How should we apportion blame on this one? Show of hands: Does anyone think Pelosi and Schumer would agree to an enforcement measure as useful as E-Verify for an amnesty as limited as a DREAM bill? E-Verify won’t be put on the table by Democrats unless and until a mass amnesty for all adult illegals is on the table too. There’s no point in the GOP insisting on a demand they know the other party won’t accept if they’re serious about getting a deal done. A “minor” amnesty gets only “minor” enforcement improvements in return.

On the other hand, show of hands: Does anyone believe Senate Republicans are eager to expand E-Verify? If Pelosi and Schumer turned around tomorrow and said they’re open to including that in a DREAM deal, the Chamber of Commerce and agricultural lobby would descend and demand a meeting with Mitch McConnell post haste. Democratic support for open borders remains the chief obstacle to immigration reform in the United States, but lord knows it ain’t the only obstacle.

[S]ome outlines of an agreement are becoming clearer.
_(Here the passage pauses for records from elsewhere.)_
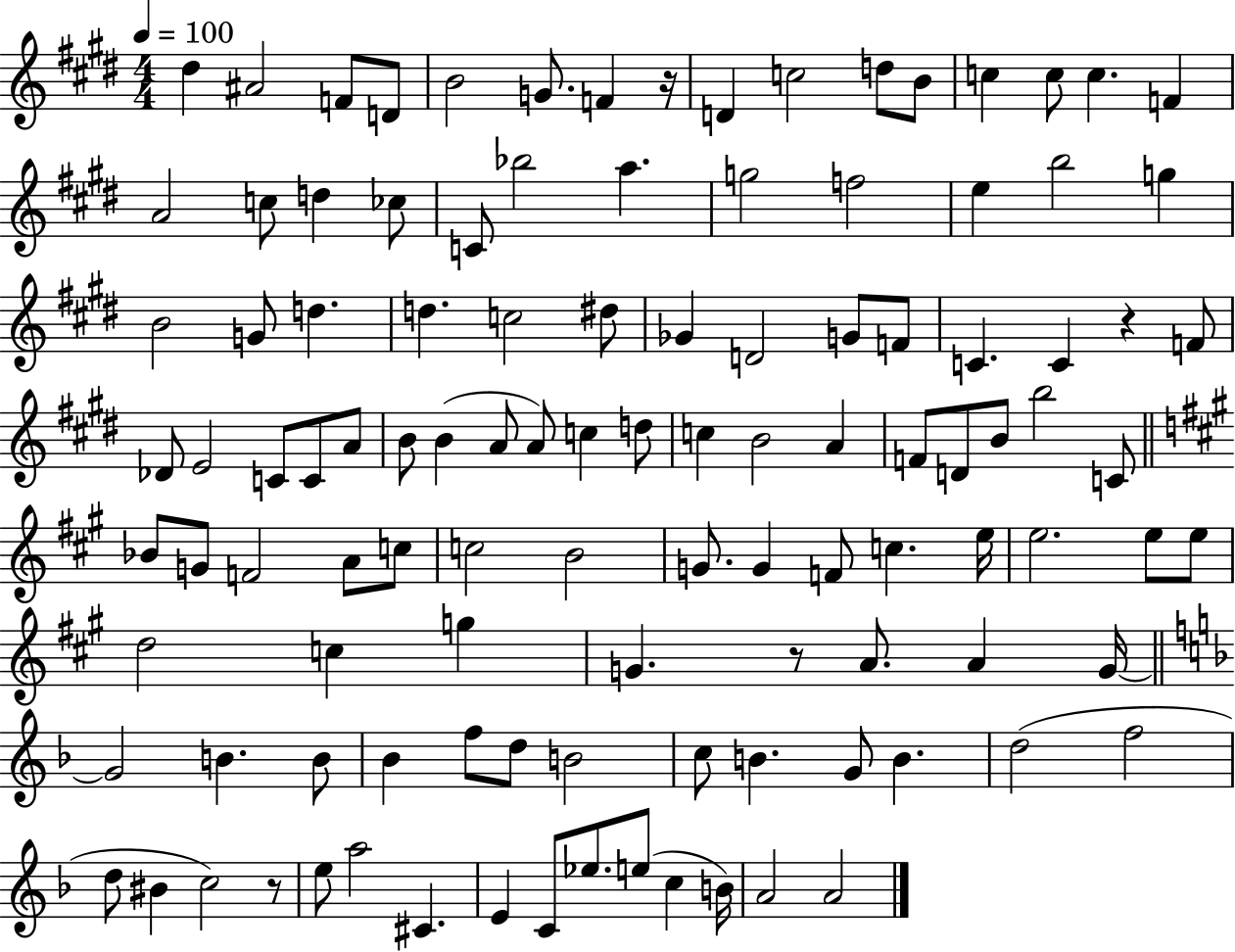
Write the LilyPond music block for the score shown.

{
  \clef treble
  \numericTimeSignature
  \time 4/4
  \key e \major
  \tempo 4 = 100
  dis''4 ais'2 f'8 d'8 | b'2 g'8. f'4 r16 | d'4 c''2 d''8 b'8 | c''4 c''8 c''4. f'4 | \break a'2 c''8 d''4 ces''8 | c'8 bes''2 a''4. | g''2 f''2 | e''4 b''2 g''4 | \break b'2 g'8 d''4. | d''4. c''2 dis''8 | ges'4 d'2 g'8 f'8 | c'4. c'4 r4 f'8 | \break des'8 e'2 c'8 c'8 a'8 | b'8 b'4( a'8 a'8) c''4 d''8 | c''4 b'2 a'4 | f'8 d'8 b'8 b''2 c'8 | \break \bar "||" \break \key a \major bes'8 g'8 f'2 a'8 c''8 | c''2 b'2 | g'8. g'4 f'8 c''4. e''16 | e''2. e''8 e''8 | \break d''2 c''4 g''4 | g'4. r8 a'8. a'4 g'16~~ | \bar "||" \break \key f \major g'2 b'4. b'8 | bes'4 f''8 d''8 b'2 | c''8 b'4. g'8 b'4. | d''2( f''2 | \break d''8 bis'4 c''2) r8 | e''8 a''2 cis'4. | e'4 c'8 ees''8. e''8( c''4 b'16) | a'2 a'2 | \break \bar "|."
}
For instance, the [Republican] senators [working on a bill] have all but ruled out including a mandatory workplace verification system known as E-Verify in a final DACA agreement, according to multiple lawmakers engaged in the talks…

Several of the GOP senators involved in the immigration discussions are fine with punting negotiations over a nationwide mandatory E-Verify system, particularly since Democrats will not accept any policy provision that will help identify other immigrants here illegally…
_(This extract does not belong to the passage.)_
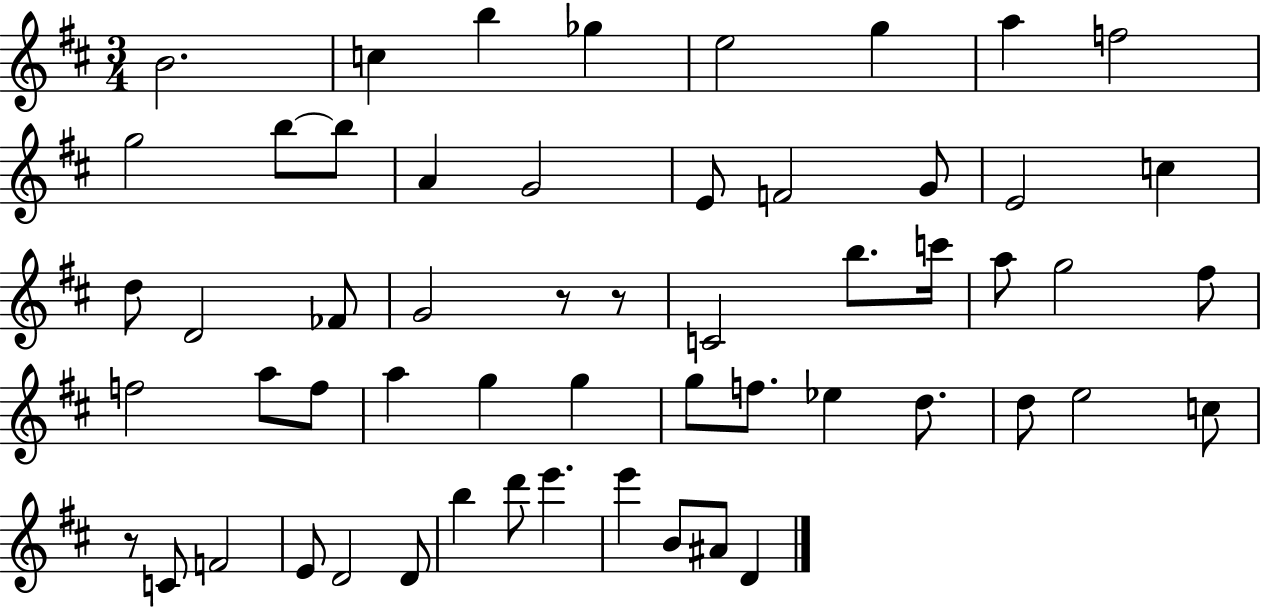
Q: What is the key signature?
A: D major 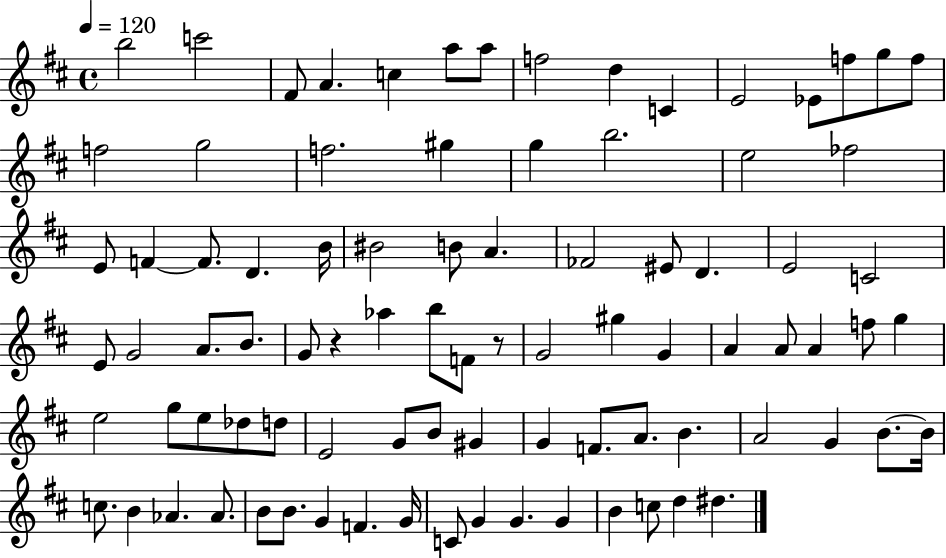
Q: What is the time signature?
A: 4/4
“There are large segments of some important sectors, like agriculture, where we need to do E-Verify with immigration reform to make sure that there’s an adequate legal workforce,” Cornyn said. “And if we start adding too much stuff to the DACA-border security approach, then we get back into comprehensive immigration reform and nothing happens.”
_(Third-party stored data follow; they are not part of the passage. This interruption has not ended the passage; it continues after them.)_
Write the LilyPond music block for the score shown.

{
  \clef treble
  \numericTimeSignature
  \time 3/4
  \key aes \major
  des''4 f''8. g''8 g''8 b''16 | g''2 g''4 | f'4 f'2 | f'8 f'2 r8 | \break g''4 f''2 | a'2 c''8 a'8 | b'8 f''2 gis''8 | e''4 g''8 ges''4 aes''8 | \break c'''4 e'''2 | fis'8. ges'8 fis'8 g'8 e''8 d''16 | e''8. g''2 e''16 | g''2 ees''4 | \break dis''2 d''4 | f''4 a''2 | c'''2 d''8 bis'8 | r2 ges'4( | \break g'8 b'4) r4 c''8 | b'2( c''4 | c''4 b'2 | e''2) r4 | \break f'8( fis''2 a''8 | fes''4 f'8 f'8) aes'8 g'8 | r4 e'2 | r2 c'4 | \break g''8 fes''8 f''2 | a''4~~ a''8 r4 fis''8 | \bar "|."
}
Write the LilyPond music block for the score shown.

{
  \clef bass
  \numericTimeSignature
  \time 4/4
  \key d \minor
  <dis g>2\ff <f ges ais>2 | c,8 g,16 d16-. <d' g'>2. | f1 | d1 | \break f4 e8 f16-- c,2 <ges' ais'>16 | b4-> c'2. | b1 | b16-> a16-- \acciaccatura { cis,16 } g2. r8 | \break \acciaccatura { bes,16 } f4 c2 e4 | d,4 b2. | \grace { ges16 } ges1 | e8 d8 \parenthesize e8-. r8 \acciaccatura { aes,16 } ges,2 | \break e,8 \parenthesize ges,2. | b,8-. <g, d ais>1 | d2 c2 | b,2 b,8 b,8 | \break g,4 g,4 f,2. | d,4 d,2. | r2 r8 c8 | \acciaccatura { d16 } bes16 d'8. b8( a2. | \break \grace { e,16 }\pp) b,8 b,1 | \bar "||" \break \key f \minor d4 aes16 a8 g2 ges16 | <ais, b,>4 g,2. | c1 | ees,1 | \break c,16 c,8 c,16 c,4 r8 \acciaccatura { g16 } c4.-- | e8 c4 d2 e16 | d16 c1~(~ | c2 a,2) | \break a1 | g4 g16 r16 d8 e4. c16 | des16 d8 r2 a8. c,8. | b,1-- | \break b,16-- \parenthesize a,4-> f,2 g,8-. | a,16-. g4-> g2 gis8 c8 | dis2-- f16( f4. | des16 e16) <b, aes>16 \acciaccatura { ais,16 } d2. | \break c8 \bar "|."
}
Instead of E-Verify they’re going to try to get a “down payment” on ending chain migration by barring newly legalized DREAMers from bringing their relatives to the United States too — at least until they’re naturalized. How that ends chain migration rather than simply delays it by a few years, I don’t know. It’s going to make the bill exceptionally difficult to sell to populists. If they’re essentially signing off on turning a DREAM amnesty into a mass amnesty, albeit with a delay of a decade or so before the “mass” part fully begins, why shouldn’t Republicans insist on E-Verify as the price?

In a piece endorsed by Steve Bannon, Andrew Sullivan weighs the electoral consequences of Democrats’ increasingly fanatic pandering to illegal immigration activists. Lotta truth to what he says here, but it comes with the caveat that weak bipartisan immigration deals redound to the GOP’s disadvantage too. The public writ large will view them as being as soft on illegals as Democrats are, undermining the restrictionist argument for preferring the GOP. And right-wing populists, ever exasperated on this subject, will turn to populists even more loose-cannon than Trump to enforce the borders. Sullivan:

The Democrats’ current position seems to be that the Dreamer parents who broke the law are near heroes, indistinguishable from the children they brought with them; and their rhetoric is very hard to distinguish, certainly for most swing voters, from a belief in open borders. In fact, the Democrats increasingly seem to suggest that any kind of distinction between citizens and noncitizens is somehow racist. You could see this at the last convention, when an entire evening was dedicated to Latinos, illegal and legal, as if the rule of law were largely irrelevant. Hence the euphemism “undocumented” rather than “illegal.” So the stage was built, lit, and set for Trump.

He still tragically owns that stage. What Merkel did for the AfD, the Democrats are in danger of doing for the Trump wing of the GOP. The most powerful thing Trump said in the campaign, I’d argue, was: “If you don’t have borders, you don’t have a country.” And the Democrats had no answer, something that millions of Americans immediately saw. They still formally favor enforcement of immigration laws, but rhetorically, they keep signaling the opposite. Here is Dylan Matthews, also in Vox, expressing the emerging liberal consensus: “Personally, I think any center-left party worth its salt has to be deeply committed to egalitarianism, not just for people born in the U.S. but for everyone … It means treating people born outside the U.S. as equals … And it means a strong presumption in favor of open immigration.” Here’s Zack Beauchamp, a liberal friend of mine: “What if I told you that immigration restrictionism is and always has been racist?” Borders themselves are racist? Seriously?

Seriously. The dilemma for Republicans now is that Washington is already so distrusted on immigration that even a good deal with real enforcement improvements will spook border hawks, who’ll be convinced that Democrats will water it down or blow it up entirely once they have the power to do so. If they do, both parties will end up being blamed despite the fact that it was the Dems’ handiwork: Republicans will be attacked by the right for having gotten rolled on the deal, having failed to accelerate implementation of the new security measures before the left could block them, and so on. Trust will erode further. Populists will get more desperate and more radical. Even a “minor” amnesty could have major repercussions.